Who Remembers William Sheldon?
Some words about an ingenious social scientist whose work was pigeonholed in his own lifetime
ONE OF THE victims of the Open Conspiracy was an unrequited admirer of the species named W.H. Sheldon (pictured), the inventor of the somatotype and the man who divided all human kind into ectomorphs, endomorphs, or mesomorphs. Sheldon was perhaps the hardest-working, best-disciplined, and well-tempered psychologist of his generation, a great teacher and man of inspired insight. He and his followers were perceived to be a threat to the intellectual prestidigitation by which Dobzhansky and the students of Boas were able to make heredity and race disappear before the very eyes of contemporary Americans. It is hard perhaps to remember how close they came to carrying this improbable stunt off. Several developments independent of Sheldon have since served to make the importance of human heredity reappear. One such development was the discovery that human chromosomes could by a special process be made plainly visible under the microscope, and several human conditions clearly linked to visible chromosomal aberrations. For instance, tri-X females, XX-Y males, XO females and the like were quickly revealed to be alive and well among us, with their attendant aberrations of body and mind. It was noted, however, that nowhere to be found was the YY male. The absence was puzzling until a British investigator got permission to study the inmates of maximum security prisons. Here she uncovered an amazing seven percent of YY males. Their absence in the general population was now understandable. Their criminal behavior was so rampant the police could hardly avoid arresting them.

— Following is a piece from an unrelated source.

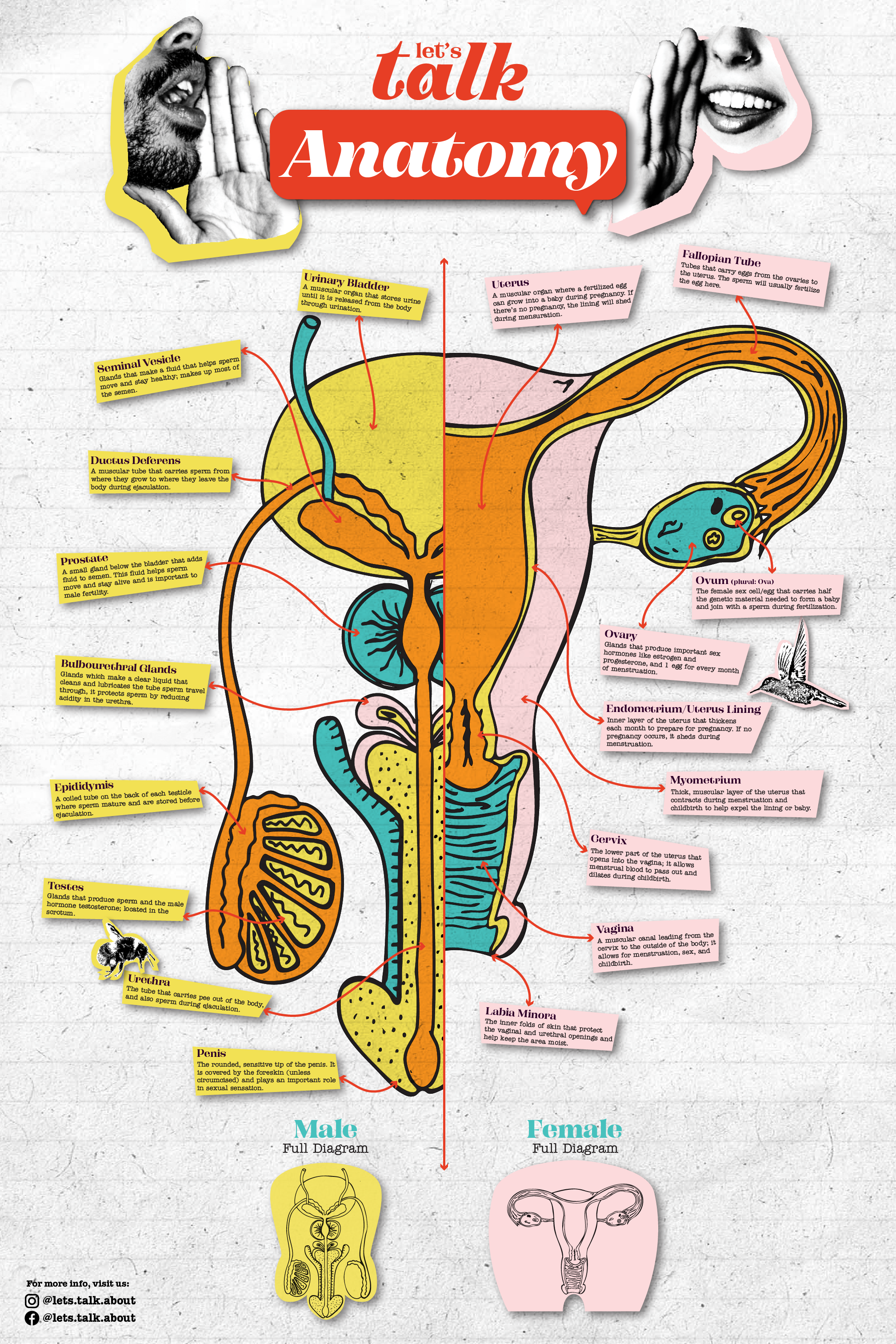Let's Talk Anatomy - A realistic graphic pointing out each male and female anatomy, providing crucial information about the working parts of the sexual organs.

The strange personality pattern of the YY “supermale” finally became news, and the public was exposed to a feast of nature-over-nurture, when the mass murderer Speck appeared in Chicago and the edgy, mesomorphic, acne-scarred, low-IQ prototype of the supermale was reported fully in the newspapers, together with his homosexual history and fatal compulsion to kill females with whom he had intercourse. (The nation was treated to the spectacle of the courts and prosecution fighting to prevent Speck’s chromosome condition from being presented as evidence because it might set him free to kill again, if he were able to prove he was not responsible for his action by virtue of his genetic constitution.)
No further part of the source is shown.